In fact, when humans represent their work with computers, they typically use a base 16 representation (called hexadecimal) instead of the computer's native binary.  Instead of working with binary numbers like 11111110 (254 decimal), hexidecimal (base 16) representation is used to make the numbers shorter and easier to work with.  Instead of creating new symbols for the values 10 through 15, the letters A through F are used (lower or upper case doesn't matter).  Counting from 0 to 15 in binary takes four places, so by visualizing the binary number  in groups of four binary digits (called bits), 11111110 becomes 1111 (= 1 + 2 + 4 + 8 = 15), represented by the letter F in hexadecimal (frequently just called hex), followed by 1110 = 14 decimal or the letter E in hex.  So 11111110 binary = 254 decimal = FE hexadecimal.  It is the same number, the same value, just represented differently.

 

So how high can you count on one hand?  If you assign each finger a binary position value (e.g. 1, 2, 4, 8, 16), and that value is expressed when that finger is raised, then you can count from 0 to 31 on one hand, leading to the famous Hawaiian "seventeen, bra!".

 

It is possible to "throw away" some of the possible values in a binary representation of numbers, to make it more "human friendly", and use just ten of the sixteen possible values of a four bit binary number to represent 0 through 9.  Each decimal position is represented by four bits.  This is referred to as "binary coded decimal", and although it means that equipment designers and software engineers have to jump through more hoops, it results in a system that is generally easier to understand, and for some financial calculations may be more accurate.  How could it be more accurate?  Well, any integer can be represented by any number system, but not any fraction.  For example, in decimal, we can't really represent 1/3 (.333333...).   In binary, we can't simply represent all decimal fractions from 1/100 to 99/100 (pennies).  As a result, unless math is very carefully done in binary, it ends up with penny rounding errors, which can of course compound themselves.  Because BCD counts in decimal using binary representation, it can accurately represent all of the normal financial values in a way that can use the same calculation and rounding rules as traditional accounting.

 

Digital signals can be transmitted in parallel (several bits at a time, typically 8, each on a separate wire), or one bit after another (serially).  Parallel interfaces are generally used for computer plug in circuit boards (e.g.
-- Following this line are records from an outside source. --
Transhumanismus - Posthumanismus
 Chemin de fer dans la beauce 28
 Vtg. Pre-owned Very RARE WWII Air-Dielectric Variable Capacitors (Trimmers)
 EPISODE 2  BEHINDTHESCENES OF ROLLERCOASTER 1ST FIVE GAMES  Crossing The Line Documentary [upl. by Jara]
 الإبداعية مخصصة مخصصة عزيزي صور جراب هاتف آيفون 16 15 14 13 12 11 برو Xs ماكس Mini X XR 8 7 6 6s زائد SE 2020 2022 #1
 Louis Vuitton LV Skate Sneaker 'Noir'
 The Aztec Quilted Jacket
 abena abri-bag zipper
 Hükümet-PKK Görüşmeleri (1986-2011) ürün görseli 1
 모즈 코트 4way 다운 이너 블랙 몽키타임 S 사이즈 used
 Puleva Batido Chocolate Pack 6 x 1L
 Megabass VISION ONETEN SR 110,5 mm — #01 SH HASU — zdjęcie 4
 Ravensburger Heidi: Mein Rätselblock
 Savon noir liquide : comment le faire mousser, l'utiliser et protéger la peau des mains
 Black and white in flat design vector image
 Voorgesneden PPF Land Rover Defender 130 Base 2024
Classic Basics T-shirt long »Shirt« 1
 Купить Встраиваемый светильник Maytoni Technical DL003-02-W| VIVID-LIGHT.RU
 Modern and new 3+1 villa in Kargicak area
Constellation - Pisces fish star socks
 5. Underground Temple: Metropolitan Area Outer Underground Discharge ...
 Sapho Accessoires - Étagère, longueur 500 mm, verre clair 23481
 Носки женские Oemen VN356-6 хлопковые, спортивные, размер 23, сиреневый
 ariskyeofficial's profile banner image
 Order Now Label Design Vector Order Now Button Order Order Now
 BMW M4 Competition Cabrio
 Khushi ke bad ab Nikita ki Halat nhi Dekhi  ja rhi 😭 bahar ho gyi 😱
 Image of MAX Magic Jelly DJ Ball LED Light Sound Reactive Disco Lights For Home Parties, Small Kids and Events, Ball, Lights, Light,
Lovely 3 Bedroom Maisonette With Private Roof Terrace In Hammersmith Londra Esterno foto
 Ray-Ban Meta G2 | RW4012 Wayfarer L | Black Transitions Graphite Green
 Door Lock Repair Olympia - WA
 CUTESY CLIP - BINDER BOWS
PCI and ISA boards), internal disk drives (Hard Disk, CD-ROM, floppy drive), and external printers and SCSI devices.  Other external interfaces are serial (USB, Firewire, Ethernet, RS-232).  Some serial interfaces are much faster than some parallel interfaces, although in theory it should always be possible to make a parallel interface faster (parallel = multiple synchronized serial lines).  The speed of an interface generally depends on when it was devised, and the medium over which it is transmitted.

 

Serial and parallel interfaces may be unidirectional or bidirectional.  If the same wires are used to transmit the data in both directions, each end has to take turns, which is called half duplex operation.  If there are separate wires for each direction, full duplex operation is possible, which allows both ends to transmit simultaneously.  (Optical fiber is generally used in this manner, but a single fiber may also be used to transmit information in both directions simultaneously.)

 

When bits are transmitted in parallel, there are one or more extra wires used to synchronize the reception of the data.  Serial interfaces may use a separate clock line, a clock signal embedded in the data (both synchronous techniques), or signal the start of each byte and depend on a local clock at the receiver to maintain synchronization for the duration of that byte (asynchronous operation).  Separate lines may be used for throttling purposes ("Hey! My buffer is almost full!  Hold off for a while!") in each direction, especially with RS-232 interfaces.

 

Sampling

 

So how are signals converted from analog to digital?  Analog to digital converters (ADC) grab a sample of the value of a signal at a specific instant, then measure the signal and convert it to a number.  This number represents the value of the signal at that instant, for example, its voltage.  By taking enough regularly spaced samples, it is possible to recreate the original signal from the measured values.  Nyquist determined that if you take more than two samples per cycle of the highest frequency of interest, the signal can be recreated.  He also determined that if any frequencies greater than half the sampling rate are present, alias signals will be created which were not present in the input.  These relationships are illustrated by the following diagram.  Typical values, as used for audio Cds, are a sampling rate of 44,100 times per second, and a highest frequency of interest of 20,000 Hz.  This means that the input signal must contain almost no energy in frequencies above 22,050 Hz (½ the sample rate).

 

When a signal is sampled, some precision is lost due to the resolution of the measurement.  This is called quantization error, as the process of measurement is the process of quantifying the value, and the resolution of the measurement is determined by the number of bits used to represent the measurement.  With 8 bits, the measurement can have one of 256 values.  With 16 bits, it can have one of 65,536 values (2^16).  The greater the resolution, the less the distortion caused by quantization error.

 

Once the analog signal has been sampled into a sequence of digital values, a great deal of magic can be accomplished.  The signal can be transformed, filtered, compressed, have special effects added such as echo, be mixed with other signals, etc., all mathematically!  This is frequently done using a special purpose computer called a Digital Signal Processor (DSP).  Further, the signal can be transported over great distances, through many stages of processing, recorded and copied, without losing any further quality, due to its binary nature.

 

Once the data representing the signal reaches the point where it is to be consumed, it is converted back to an analog signal by a Digital to Analog Converter (DAC).  This is a device that takes the digital number representing the value of the signal at that instant and converts it back to the corresponding voltage.  By continuing to do this at each sample interval, and filtering the output so that it contains no signals at frequencies higher than the highest frequency of interest, the original signal (plus any intentional processing) is recreated.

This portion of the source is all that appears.